▸ **WORK REQUEST**: This exercise requires an exact output of the listing, images omitted.
- Opening Delimiter -
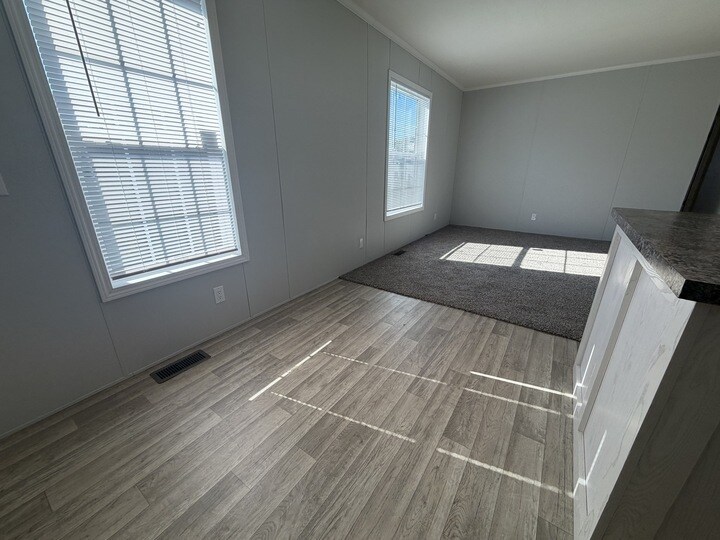 Building Photo - 15329 Danseur Dr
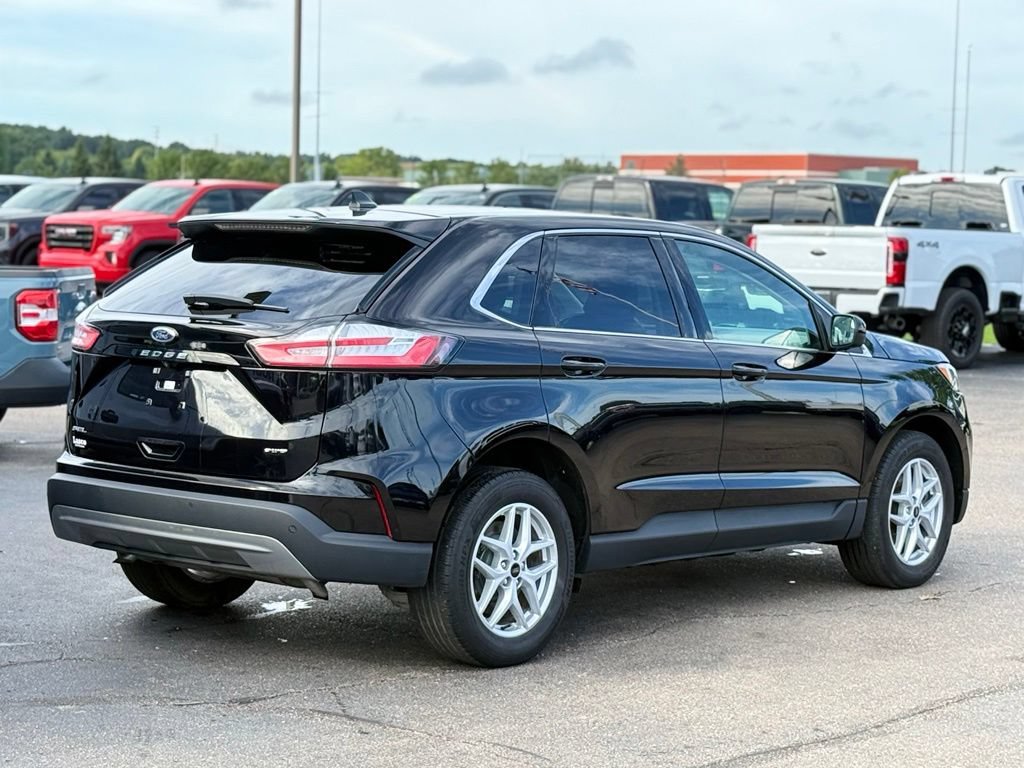 Certified 2024 Ford Edge SEL w/ Convenience Package AWD/4WD image 29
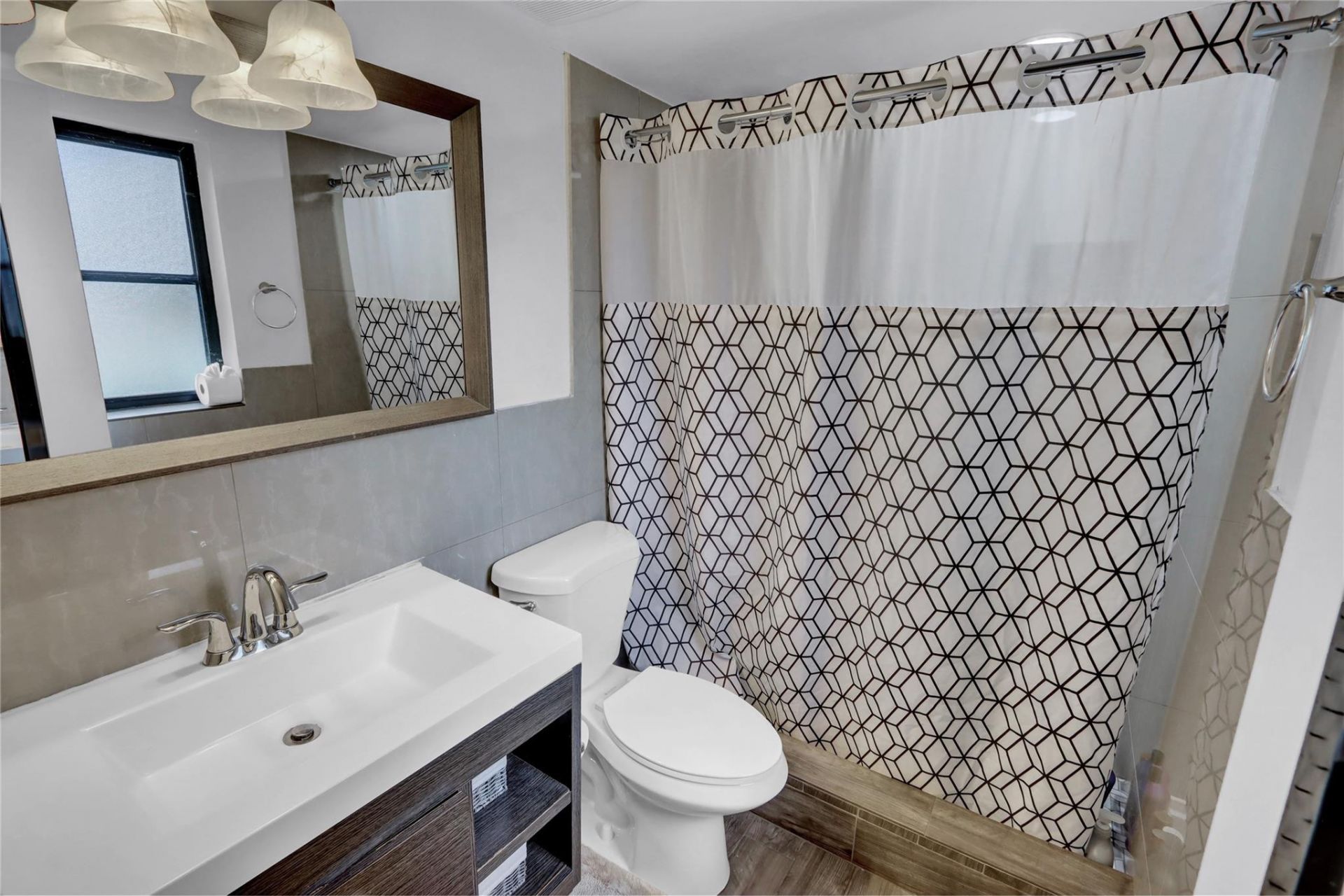 665 Enfield Street, Unit B20, Boca Raton, FL 33487 Photo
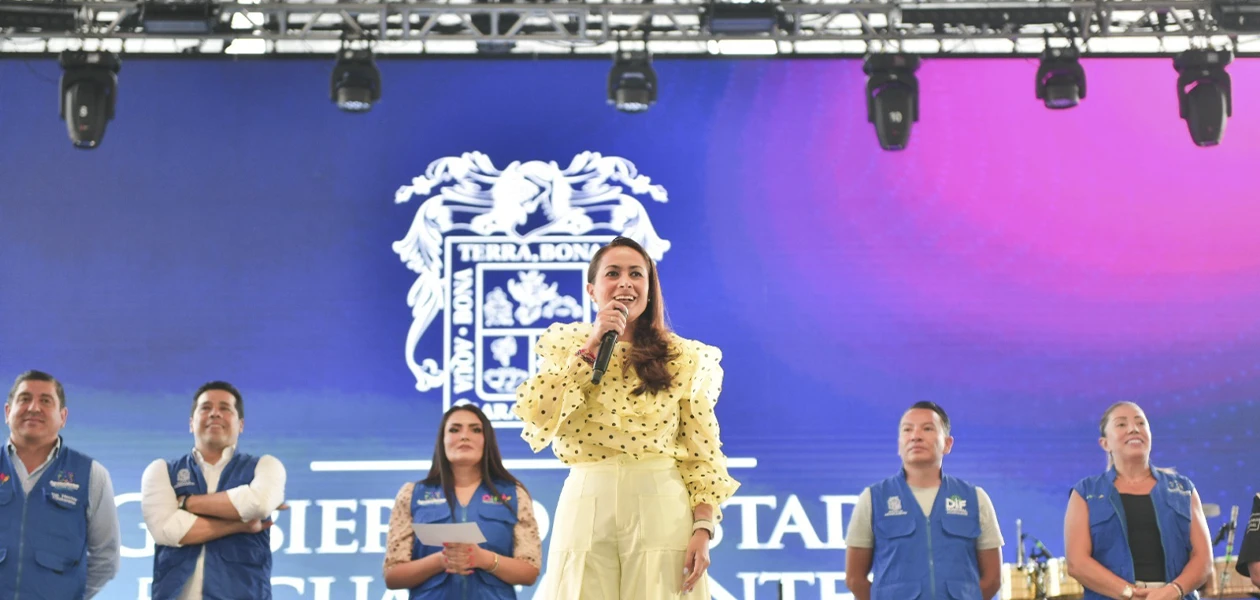 Encabezó Tere el festejo del Día del Abuelo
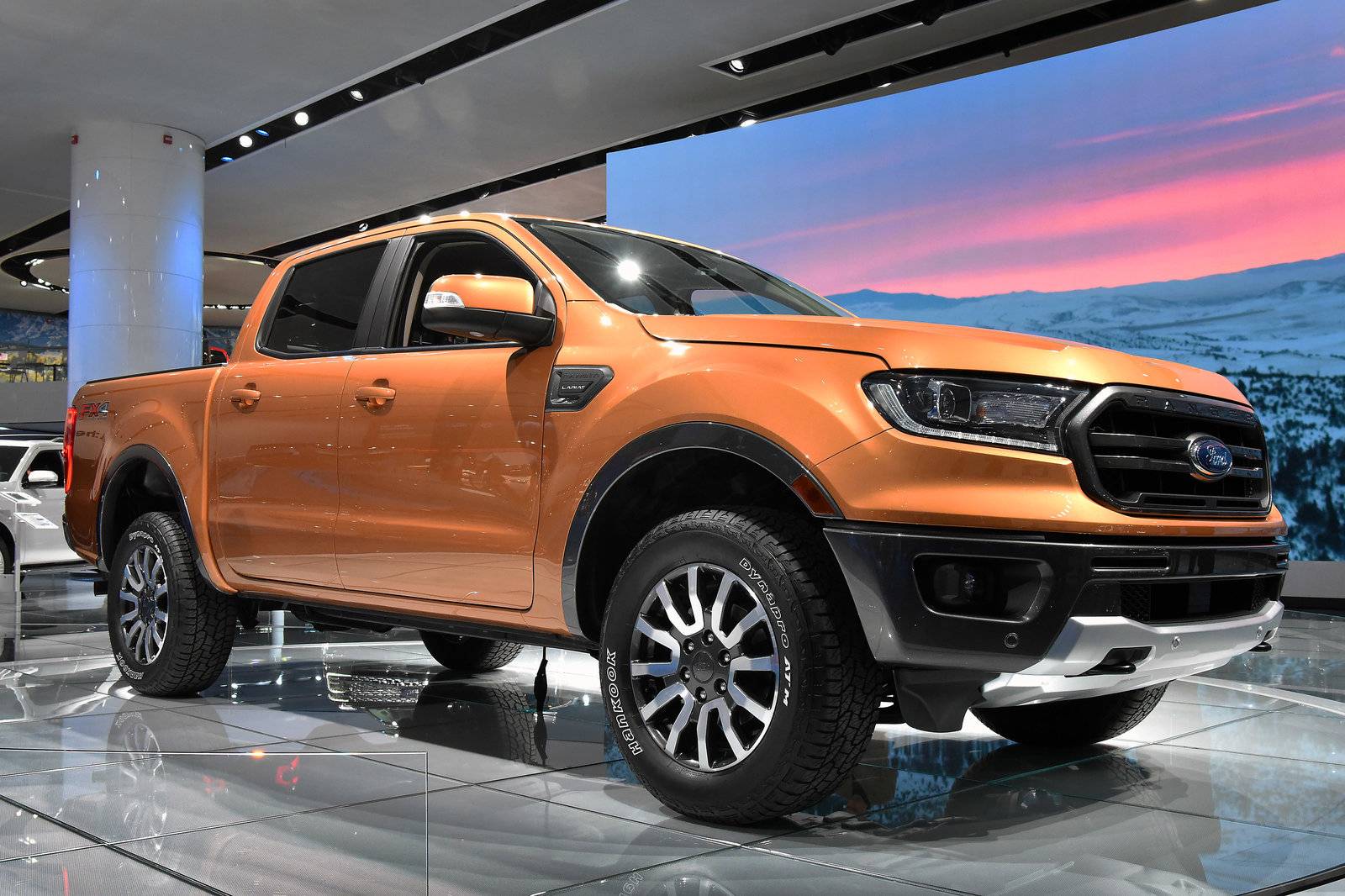 Ford Ranger SABER Ranger Club Thread FORD-DISPLAY_SKV_2741
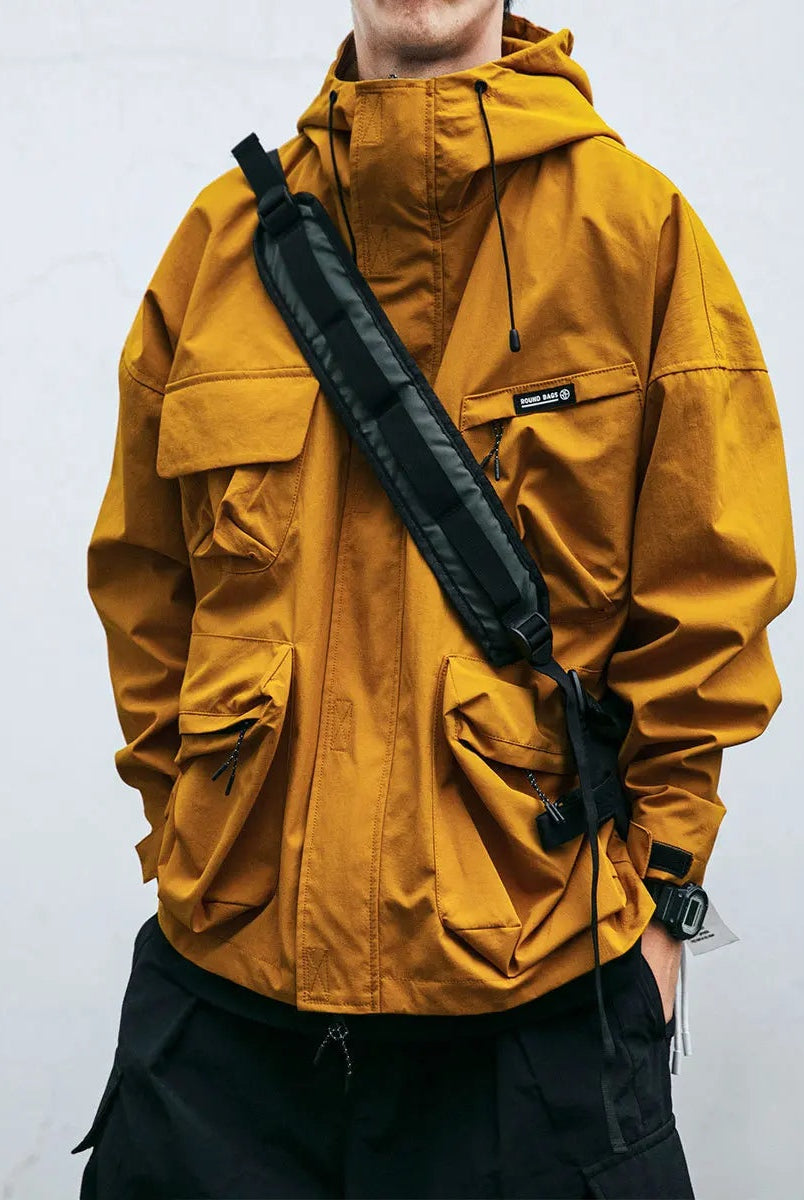 Darío | Chubasquero Hombre Impermeable con Capucha Múltiples Bolsillos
- Closing Delimiter -
▸ **ANSWER TO THIS TASK**:
 Building Photo - 15329 Danseur Dr
 Certified 2024 Ford Edge SEL w/ Convenience Package AWD/4WD image 29
 665 Enfield Street, Unit B20, Boca Raton, FL 33487 Photo
 Encabezó Tere el festejo del Día del Abuelo
 Ford Ranger SABER Ranger Club Thread FORD-DISPLAY_SKV_2741
 Darío | Chubasquero Hombre Impermeable con Capucha Múltiples Bolsillos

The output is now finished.